The law says after a ban you must re-sit a test before driving again, but many people don't realise.
Road safety groups reckon many young people are getting behind the wheel illegally.
They're asking courts not to send driving licenses back to banned drivers before they've passed a re-test.
Ollie from Essex was aged 17 and had only been driving a few weeks when he got pulled over.
"I got caught speeding," he says, "doing a hundred miles an hour, so it was an instant ban."
He's one of thousands of young drivers who get disqualified every month for picking up six points or more in their first two years after passing their test.
"After the month ban, through the post came my driving license so I thought, 'Well, that's my license to drive back', so I carried on driving."
He'd been told he'd have to take a re-test, but because his license was returned after a month he began driving again.
'More likely risk'
The DVLA has told Newsbeat 17,814 people have been banned from driving since October 2008 but, like Ollie, almost half - 8,196 people - haven't retaken their test.
The Young Drivers Act, which came into force in 1998, was supposed to deter dangerous driving, but road safety campaigners say this shows it's not working.
"It's naive to think that all these drivers just disappear and jump on the bus, they don't, many of them are still driving," says Edmund King from the AA.
"I think this is a major problem, but perhaps it's a problem that the authorities aren't really aware about."
Nearly half of all recently-banned drivers haven't retaken the test
"When I was 9 years old I was run over by an illegal driver," says 25-year-old Leigh-Ann Johns from Redcar.
She had to have both her legs amputated after an uninsured, unlicensed driver mounted the kerb and hit her.

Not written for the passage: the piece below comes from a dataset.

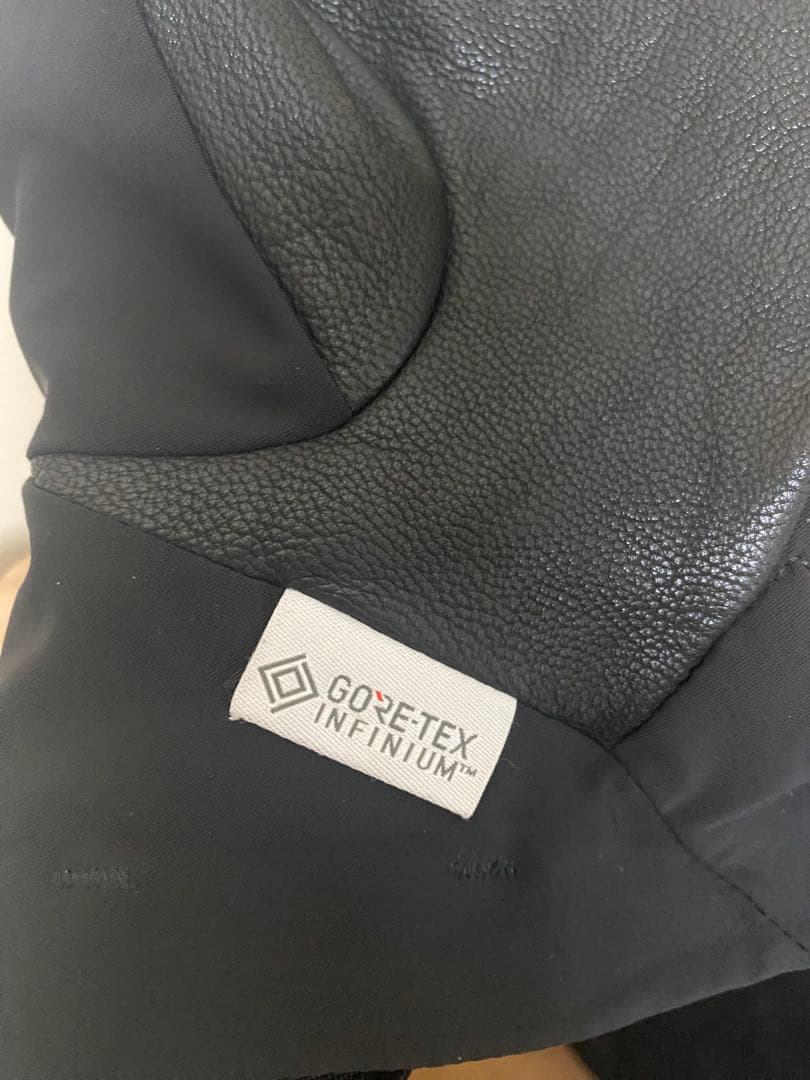 【ほぼ未使用】ARC'TERYX VENTA AR GLOVE ブラック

"I just don't see the harm in putting back in for your test," she said.
Back in April the government announced changes to the driving test and introduced the pre-driver qualification.
From October 2010 learners will have to choose their own route to a certain place during their test to prove they can drive independently.
There will also be a 3-month course rolled out across schools and colleges which will count towards learners' theory tests.
Message not clear?
But these figures show thousands of new drivers are still getting disqualified and then breaking the law by not bothering to retake their test.
"We clearly need to make sure that we look at this problem," says Transport Minister Jim Fitzpatrick, "look at these numbers and come up with solutions to solve this problem and we're very happy to do it."
The AA reckons one reason that the situation is happening is because the message that you need to retake your test if you're banned in the first two years of driving isn't getting through.
They also think people having their license returned by the courts before they've taken another test needs to be looked into.
The Department of Transport says there is absolutely no excuse for anyone to be driving without a valid license.
They say anyone who does so is knowingly breaking the law and faces tough penalties.